Floriculture in Nepal: Flower Industry, Tihar Marigold Trade & Prices — FAQ

What is the sayapatri (marigold) garland price during Tihar?+

Prices vary by year and supply, but for Tihar 2082 (2025) FAN projected wholesale marigold garlands at about Rs 80-85 per metre, while retail prices in Kathmandu ran around Rs 100-140 for a one-metre garland of roughly 40 blooms. In surplus years garlands have sold for as little as Rs 55-60, and in shortage years single blooms have hit Rs 40-45. Prices typically spike in the final two or three days before Laxmi Puja and Bhai Tika.

Why is the makhamali flower important in Nepal?+

Makhamali (globe amaranth, Gomphrena globosa) is a velvety purple flower that keeps for months without wilting. Sisters place makhamali garlands on their brothers during Bhai Tika, the final day of Tihar, symbolising a wish for their long life. Its durability also makes it Nepal's signature flower export - roughly 200,000 garlands are shipped each Tihar to Nepali communities in the US, Australia, Japan and beyond.

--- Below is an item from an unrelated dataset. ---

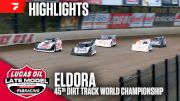 Highlights | 2025 Lucas Oil Dirt Track World Championship at Eldora Speedway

How big is the flower business in Nepal?+

According to the Floriculture Association Nepal, annual flower transactions were about Rs 2.32 billion in FY 2021/22 and have since been estimated at roughly Rs 2.5 billion or more. The industry spans some 50-52 districts, 200-260 hectares and over 750 registered nurseries, engaging more than 44,000 people. Tihar alone generates flower trade of around Rs 371-400 million (2024-2025 FAN estimates).

Is marigold farming profitable in Nepal?+

Marigold (sayapatri) is a short-cycle crop with assured festival demand growing an estimated 15-20 percent a year, and it is grown in all seven provinces. At Tihar 2025, farm-gate prices reached Rs 700-800 per kg for open-field flowers and up to Rs 1,300 per kg for tunnel-grown blooms, and individual families in Bhaktapur earned Rs 10,000-50,000 in a season. Profitability depends heavily on festival timing, weather and securing buyers, since middlemen capture much of the retail margin.

Does Nepal still import flowers from India for Tihar?+

Far less than before. FAN says domestic production now meets about 90 percent of total flower demand in normal years, and Nepal has achieved marigold self-sufficiency in good seasons. However, weather shocks can reverse this - after the late-September 2024 floods damaged marigold crops, only about 62 percent of Tihar demand was met domestically and the rest was imported from India. Hybrid seeds and some specialty cut flowers are still routinely imported.

Where is makhamali grown in Nepal?+

The best-known centre is Gundu village in Suryabinayak Municipality-7, Bhaktapur, often called Nepal's makhamali village, which plants around 700 ropani of makhamali plus 300 ropani of sayapatri and supplies flowers worth an estimated Rs 50 million a year. Makhamali is also grown across the Kathmandu Valley and in districts such as Kavre and Chitwan, with garlands strung by hand ahead of Bhai Tika.